During my first weeks serving as U.S. Ambassador to Burundi, the twin-country neighbor of Rwanda, I joined the U.S. Ambassador to Rwanda to meet then-Col. Paul Kagame. He was dressed in camouflage uniform and stood in a shattered warehouse amid the rubble in the capital city, Kigali. Open warfare in the most disastrous genocide in decades had ended only a few weeks before. But revenge had not.

I told Kagame that the UN Refugee Camp, four miles inside the Burundi-Rwanda border, was still receiving 1,000 new Rwandan refugees daily. In my visit to the camp — which housed almost 100,000 — I interviewed camp refugees, asking when they would return to their home country. Their reply was always the same: “When Kagame’s forces stop killing us.”

Kagame’s response to me was insufficient. He told me that occasionally some of his troops might engage in personal retribution, but that revenge was not his policy. This was not the case: genocidal killing and intimidation have, in fact, been his consistent policy for all his 22 years in power.

Human Rights Watch, among others, has documented some his continuing civil rights violations. The United Kingdom, Spain and several European nations no longer grant this head of state entry into their countries.

My wife’s and my book “From Bloodshed to Hope in Burundi,” endorsed by Presidents Jimmy Carter and Bill Clinton and by Paul Rusesabagina, the hero of “Hotel Rwanda” and a U.S. Medal of Freedom recipient, has a chapter on Kagame and the consequences of his murderous actions on Burundi.

Why has the USA not censured Kagame?

Probably because Kagame himself and some of his troops were trained at a US military base in Ft. Leavenworth, Kansas, in the 1990s. The Pentagon has held banquets honoring this horrific dictator.

Several years ago I phoned a Danish missionary, Knut Hansen, who had lived 32 years along the Rwandan border in ministering, educating and caring for the people of Burundi and Rwanda. When asked for his current assessment of Kagame, he replied “Bob, Kagame is the worst dictator in all of Africa; there is blood all over his hands.”

It is well-known and widely published that Kagame’s secret police murdered on the streets in South Africa a former member of Kagame’s administration who had abandoned Kagame and gone into hiding. This killing is well documented and legendary.

He claims to now have democratic elections with numerous political parties having names on the ballot. But Kagame’s people count the votes and give him over 90 percent of those cast.
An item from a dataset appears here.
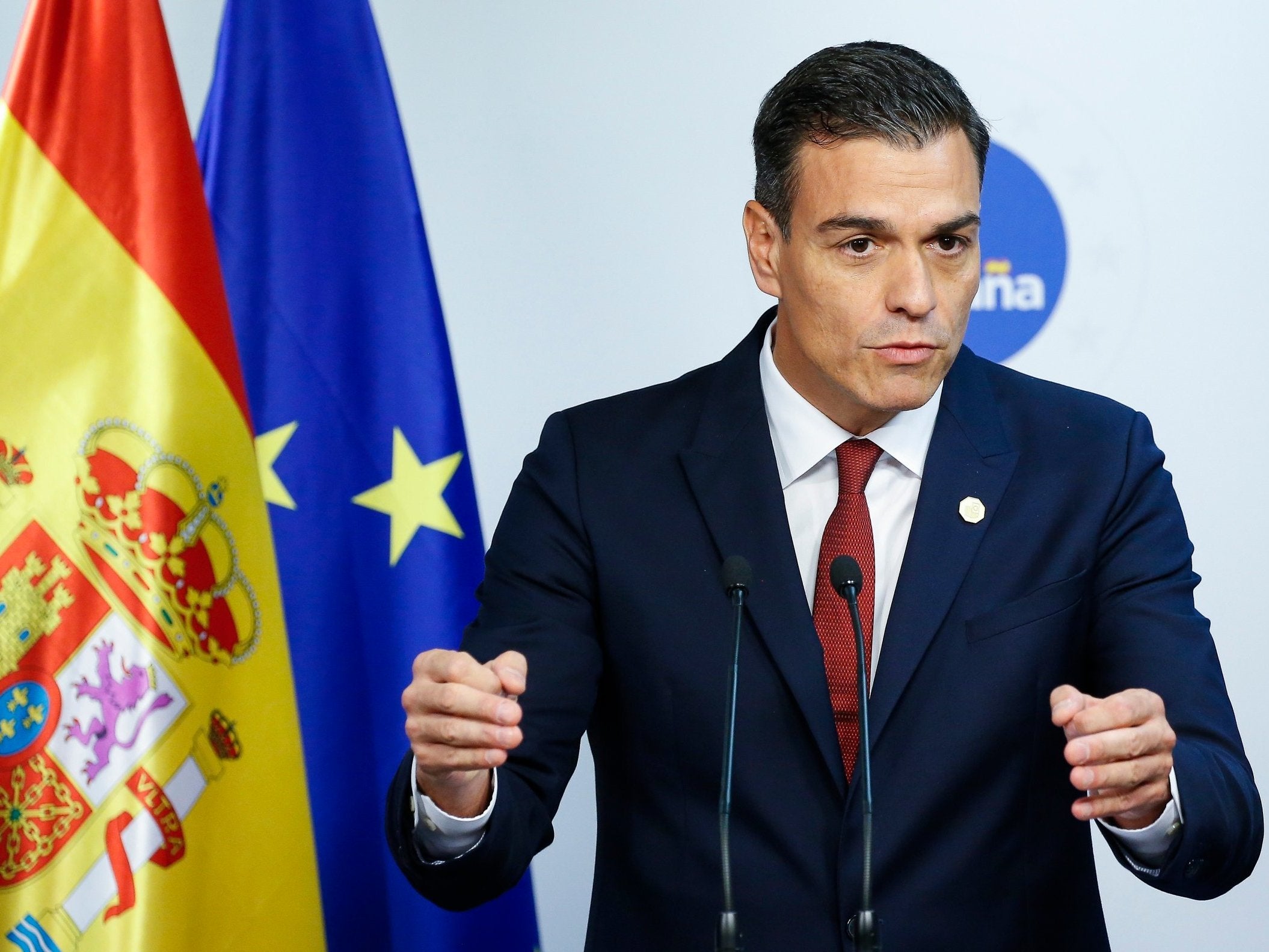 Spain's Prime minister Pedro Sanchez holds a news conference at the European Council summit in Brussels (FILE)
Citizens, knowing they have no secret ballot, either do not vote, or for their own safety, cast their votes for Kagame. It is as if Hitler or Stalin were holding the elections. These elections are not secret or trust worthy; the populous votes as Kagame wants for fear of retribution.

Yet Yale has honored him. Those at Yale who invited Kagame should remember the famous admonition of a 19th-century head of Magdalene College, Oxford: “You will find it a good idea, sir, always to verify your references.”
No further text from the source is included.